A couple of months ago, I asked the CEO of a helicopter manufacturer why it was taking so long for the Chinese market to fully open up. He explained that the Air Force there still controlled the airspace, and they were in no hurry to turn it over to civilians.

Not for security reasons as you might suspect, but rather out of the fear that they would be blamed for any civil aircraft accidents. The penalties for failure in China remain severe. After all, this is country that still executes its own citizens for nonviolent crimes including fraud, embezzlement and organized prostitution. Be unlucky enough to be sitting at the radar scope when there is a mid-air and — rut-roh.

This kind of "aviation culture" goes a long way to explain while it has taken so long for civil helicopter EMS to come to the world's most populous country, arguably where it is needed the most.

On Oct. 9, Airbus Helicopters delivered an EC135 light twin EMS helicopter to the 999 Emergency Rescue Center, a subsidiary of the Beijing Red Cross Foundation. Astonishingly, this is the first civil EMS helicopter in China. Even Haiti already had civil HEMS.

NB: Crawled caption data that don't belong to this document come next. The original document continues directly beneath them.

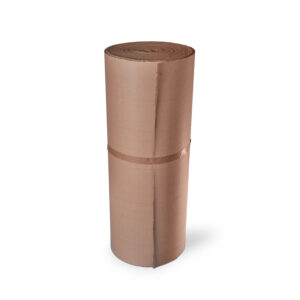 carton ondulado en rollo 1500mm para embalaje y proteccion (Ref 279)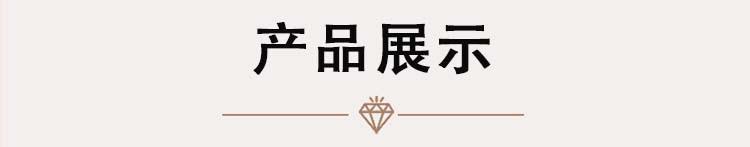 Eight-heart and eight-arrow imitation Moissanite one-carat ring, women's six-prong wedding ring, open diamond ring, light luxury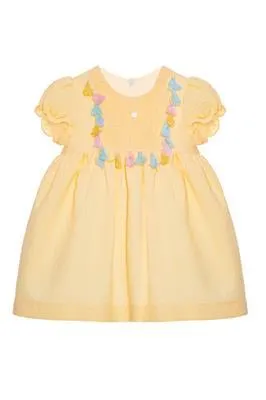 Jurk Patachou - YELLOW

No one honestly thinks this one helicopter is going to change much in a country so vast in which the bureaucracy moves so slowly. But to understand China is to appreciate the enormous role symbolism plays in the culture.

During the handover of the EC135, Ma Runhai, executive vice president of Beijing Red Cross Society of China, said the helicopter "enables us to help achieve the national strategic goal of comprehensively deepening the reforms and propelling the modernization of the governance system and capacities. It will also help Beijing Red Cross Society of China to achieve the goal of becoming a leader in China and a first-class organization in the world."

A delegation of doctors from the 999 Center currently is getting schooled on the HEMS equipment in Germany, and Airbus is providing rotorcraft training, organizing outreach and establishing relationships and workshops for the Chinese with leading European air rescue operators who can act as mentors.

China has opened its low-altitude airspace in a handful of provinces over the last few years, but most of the country remains a no-fly zone for civil aircraft. Still provided all goes well for this first helicopter the 999 Center plans to add three more to the fleet in the coming years.

As the Chinese proverb instructs, "Be not afraid of going slowly, be afraid only of standing still."